The ACFE has identified travel fraud schemes occurring at organizations today, including:

  • Profitable per-diems: The fraudulent activity that can occur, even for the most ethical traveler, is instead of utilizing the daily allowance (per-diem), the traveler decides to profit from it by using a small portion of the allowance, and then pocketing the rest.
  • Mileage padding: Without proper controls in place, it’s difficult to validate mileage claims, especially if you’re still utilizing a manual log instead of GPS tracking capabilities. This leaves the door open for fraud perpetrators to pad by a little or by a lot.
  • Fake expenses: If you have a policy that does not require a receipt for expenses under a certain amount, employees could take advantage of you. For example, they could submit an expense for breakfast under the limit amount without a receipt, when in fact, they ate breakfast free at the hotel.
  • Unused airline tickets: Fraudulent activity occurs when a ticket has been booked for a business trip that gets cancelled or rescheduled, then the employee books and expenses a second ticket instead of paying a small fee to cancel or rebook on the first ticket. Now, the employee has a free airline trip at the expense of your organization.
  • Last-minute flight bookings: The closer to a travel date that a ticket is purchased, the more it costs – and frequent travelers will know that more expensive tickers are easier to upgrade. The cost of the ticket opens the door for an opportunist to obtain upgrades and rewards by booking their travel at the last minute. 

 

Additionally, difficult-to-detect expense fraud schemes include:

  • Double-dipping: This occurs when an expense is claimed twice.
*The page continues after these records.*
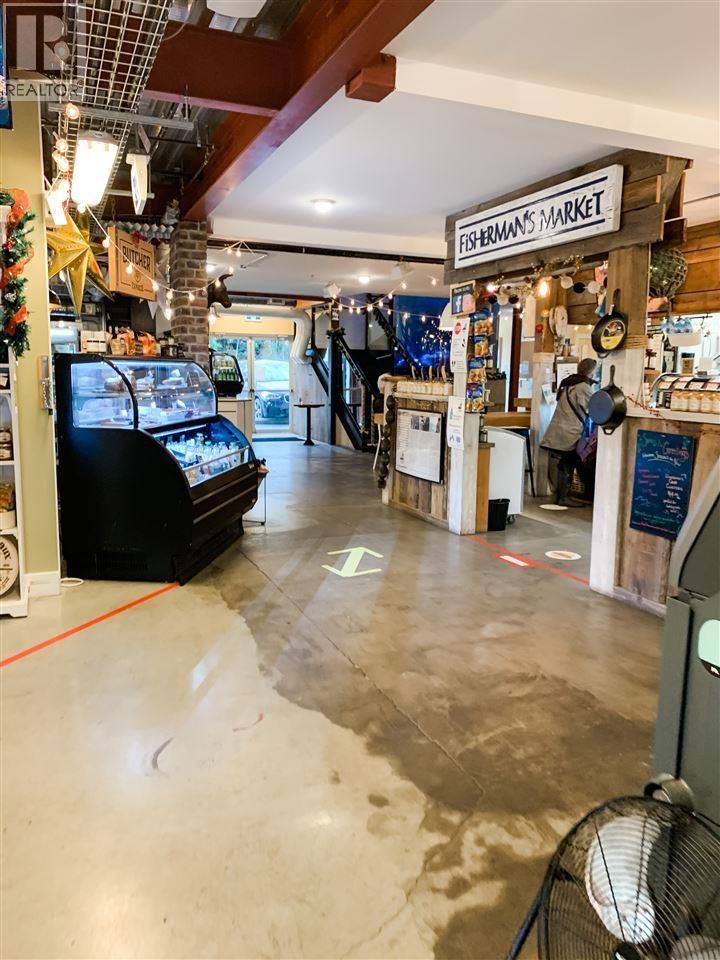 5 473 Gower Point Road, Gibsons, British Columbia  V0N 1V7 - Photo 15 - C8073663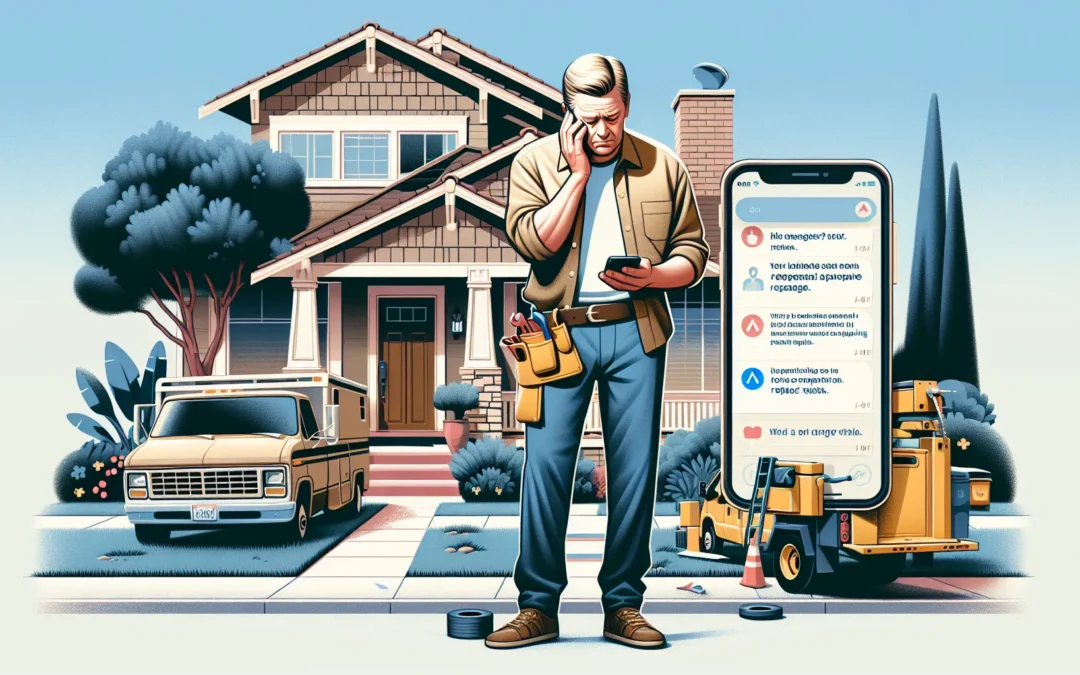 Rental Repair Scheduling Hayward: Streamline Property Maintenance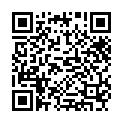 04 最近手紧很久没去城中村爽了问朋友借了200块去找了个30出头的站街妹开心一下的二维码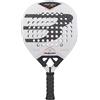 Bullpadel Vertex 05 Hybrid 27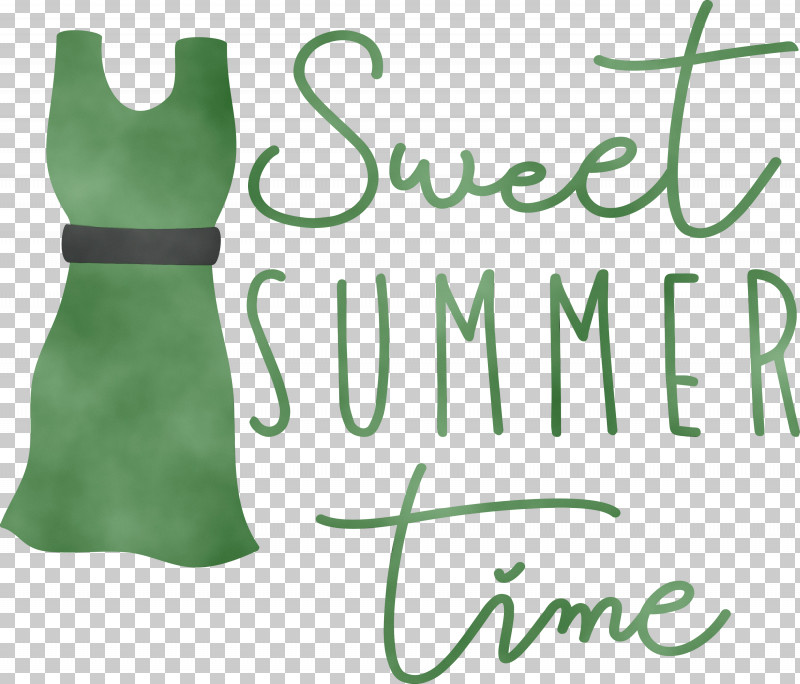 Green Dress Font Meter Clothing PNG, Clipart, Clothing, Dress, Green, Meter, Paint Free PNG Download
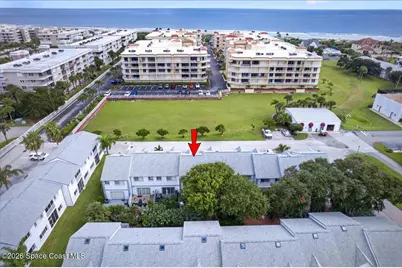 664 Seaport Boulevard #T236, Cape Canaveral, FL 32920 - Photo 26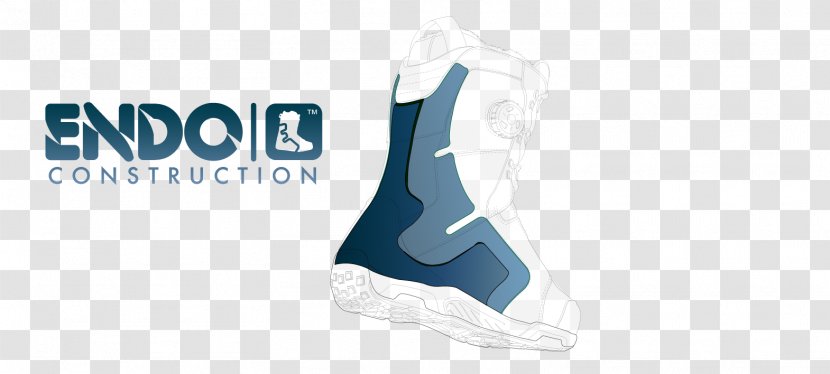 Shoe Boot Walking Snowboarding Brand - Endodontic Transparent PNG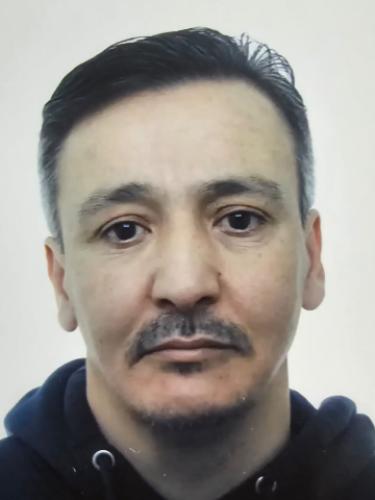 Yüksel Suhta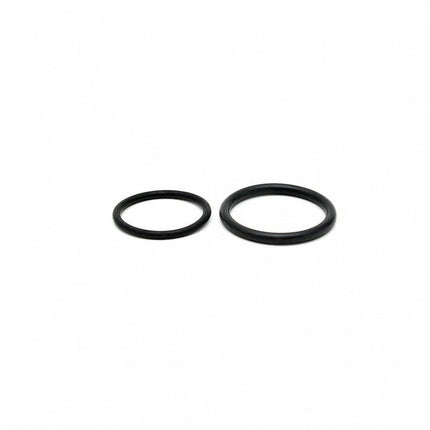 Rubber cockringen set Ø 50 mm en 55 mm - Erotiekvoordeel.nl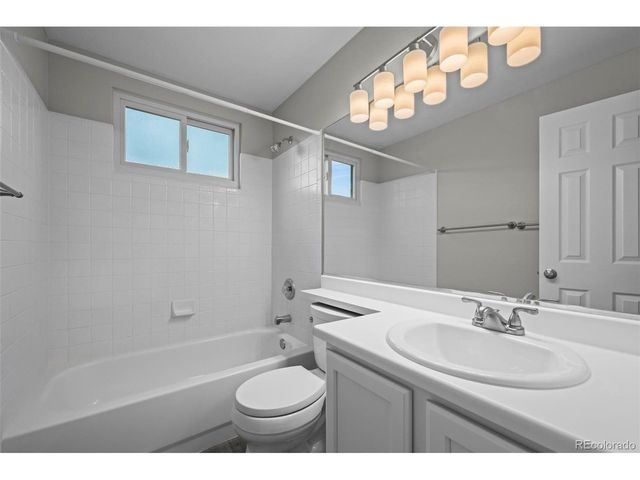 11263 Glenmoor Cir, Parker, CO 80138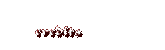 credits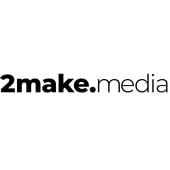 2make.media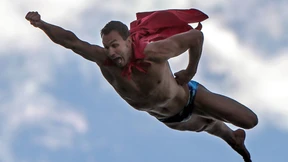 Fehlt dem Nachwuchs der Mut?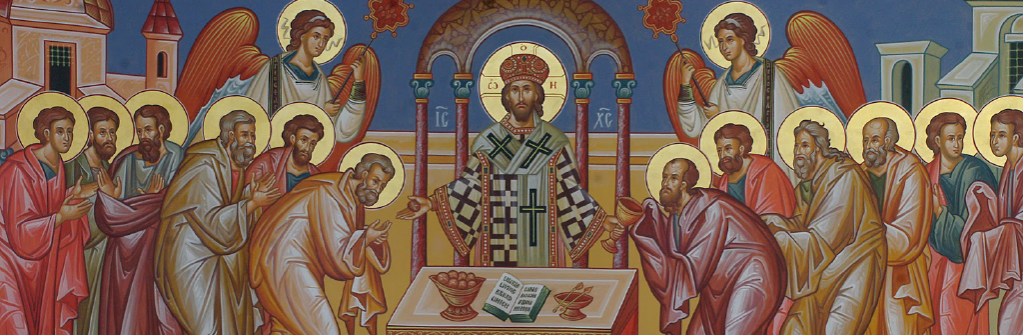 banner-liturgy1x_2018-07-09-11-45-21.png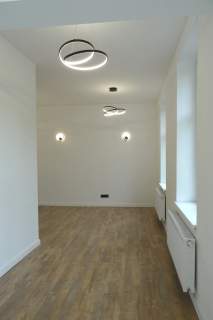67m2 - do wprowadzenia - ŁADNE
For example, if two employees dine together and they each get a receipt for the total bill, and both employees claim the entire meal instead of their individual meal.
  • Pattern identification: Without an integrated spend management system in place, you miss a huge opportunity for reporting capabilities to analyze and uncover spend patterns, and prevent fraud that is hard to detect.
  • Schemes that work across different financial systems (AP, T&E, P-card): Opportunists will inevitably continue to find new ways to defraud a singular system, therefore, predictive learnings across multiple systems will help you catch fraudulent activity and patterns – whether it’s a T&E or corporate card scheme – by pulling in data from your CRM, accounting systems, and more.

 

Fraud and Compliance Violations are Expensive

With the overwhelming number of regulations and standards globally, it’s challenging for organizations to have confidence in their spend data for ensuring compliance. It’s critical now, more than ever, to put the right technology in place to detect and prevent risks around fraud and compliance. Without the right systems, it takes a lot of time and resources to build and maintain the expertise required just to understand all the regulations and policies necessary to create a culture of compliance.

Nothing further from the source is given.